- Work task
Set down, word for word, each line from the top of the data through the line that has "Rodan + Fields R+F"; omit every picture.
*** Data supplied ***
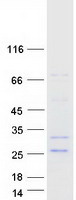 FGF21 Protein - Purified recombinant protein FGF21 was analyzed by SDS-PAGE gel and Coomassie Blue Staining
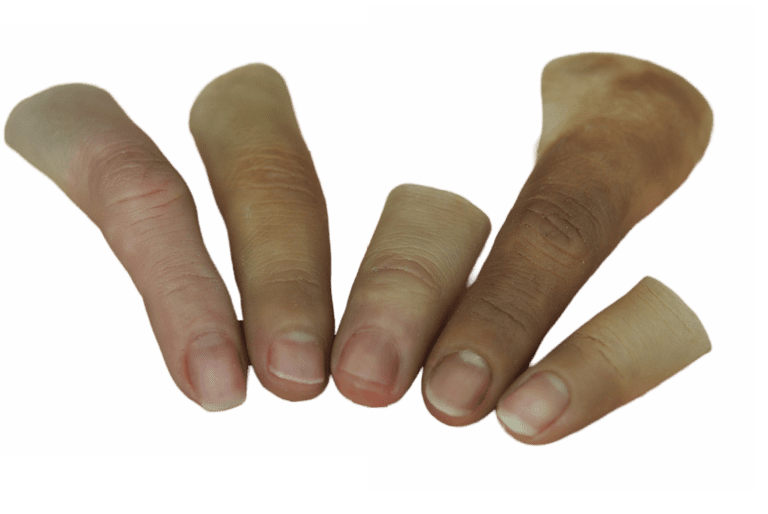 Restauración anatómica de dedos amputados * ART LAB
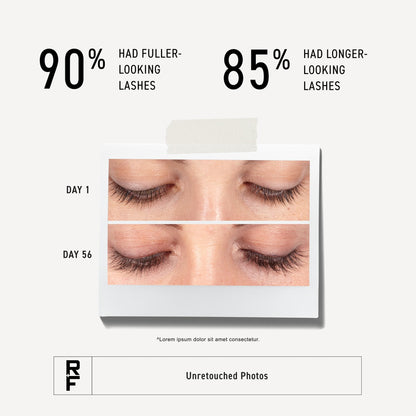 Rodan + Fields R+F Lash Boost Serum | 5 ml | Supports Fuller, Longer-Looking Eyelashes & Brows | Easy Nightly Application RODAN + FIELDS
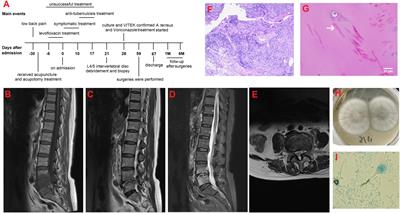 Aspergillus terreus spondylodiscitis following acupuncture and acupotomy in an immunocompetent host: case report and literature review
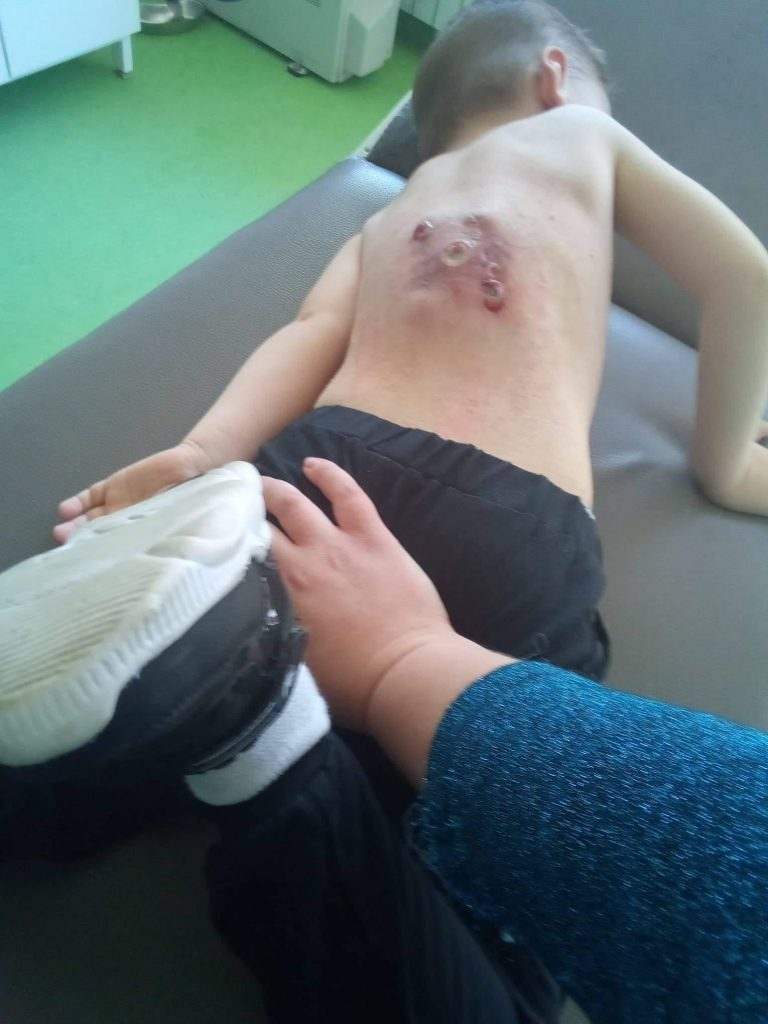Pomozimo petogodišnjem Bilalu Pomozimo petogodišnjem Bilalu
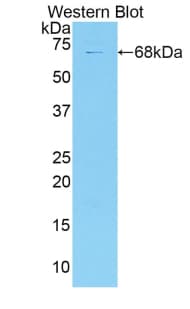 Endostatin Antibody (aa1072-1271)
*** End of Data supplied ***
- Reply to the task
 FGF21 Protein - Purified recombinant protein FGF21 was analyzed by SDS-PAGE gel and Coomassie Blue Staining
 Restauración anatómica de dedos amputados * ART LAB
 Rodan + Fields R+F Lash Boost Serum | 5 ml | Supports Fuller, Longer-Looking Eyelashes & Brows | Easy Nightly Application RODAN + FIELDS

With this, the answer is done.